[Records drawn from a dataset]
■ ■ ■

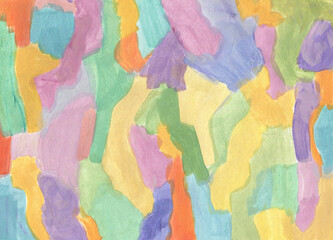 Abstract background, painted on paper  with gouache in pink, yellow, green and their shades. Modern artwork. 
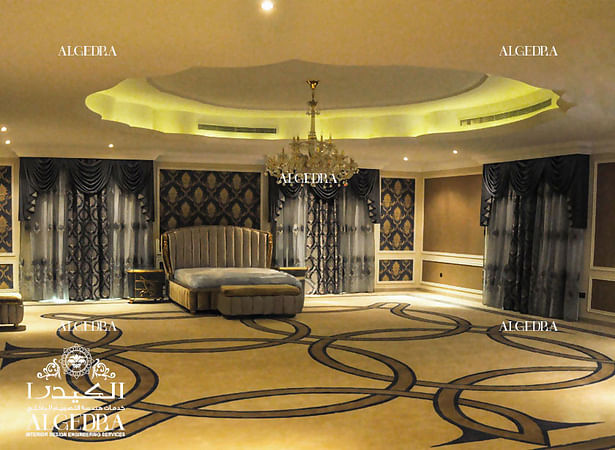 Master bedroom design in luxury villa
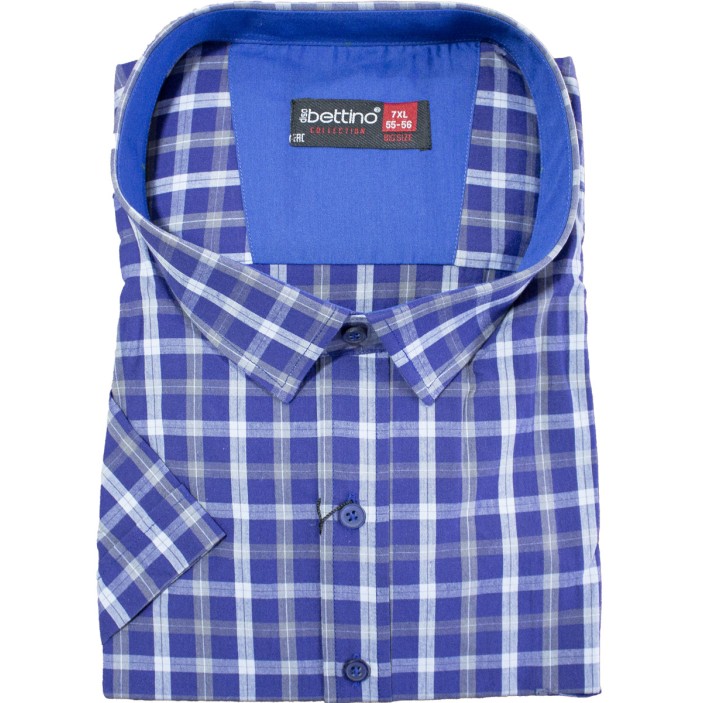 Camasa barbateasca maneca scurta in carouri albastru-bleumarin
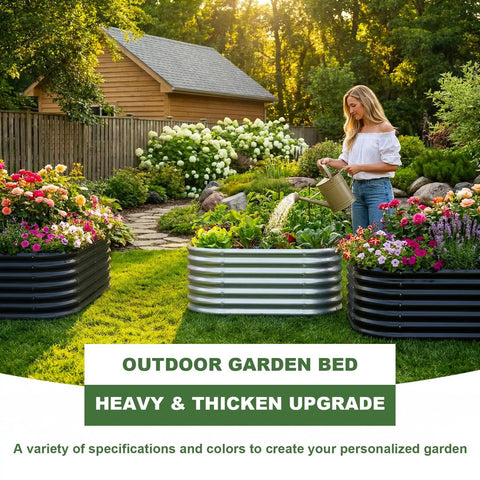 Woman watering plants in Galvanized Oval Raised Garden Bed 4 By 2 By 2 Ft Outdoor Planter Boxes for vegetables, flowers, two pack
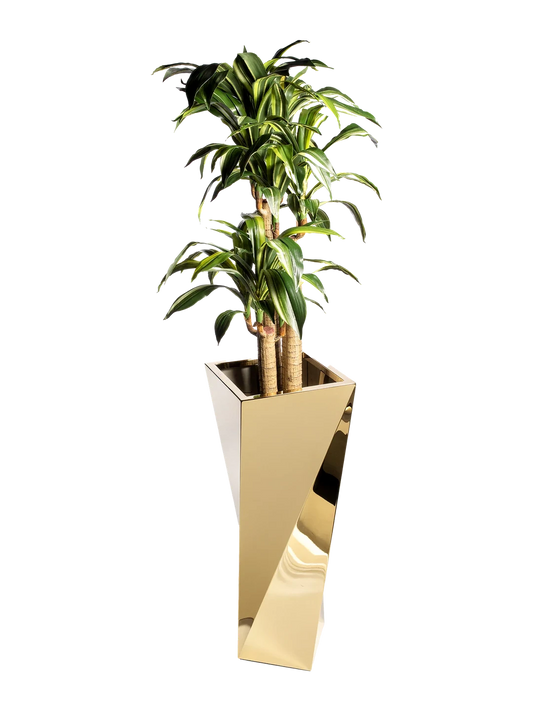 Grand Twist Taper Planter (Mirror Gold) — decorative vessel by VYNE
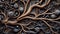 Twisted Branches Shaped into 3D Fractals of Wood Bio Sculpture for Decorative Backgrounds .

■ ■ ■

--- How to complete this task ---
Excluding the pictures, restate the records above word for word.

--- Exercise solution ---
 Abstract background, painted on paper  with gouache in pink, yellow, green and their shades. Modern artwork. 
 Master bedroom design in luxury villa
 Camasa barbateasca maneca scurta in carouri albastru-bleumarin
 Woman watering plants in Galvanized Oval Raised Garden Bed 4 By 2 By 2 Ft Outdoor Planter Boxes for vegetables, flowers, two pack
 Grand Twist Taper Planter (Mirror Gold) — decorative vessel by VYNE
 Twisted Branches Shaped into 3D Fractals of Wood Bio Sculpture for Decorative Backgrounds .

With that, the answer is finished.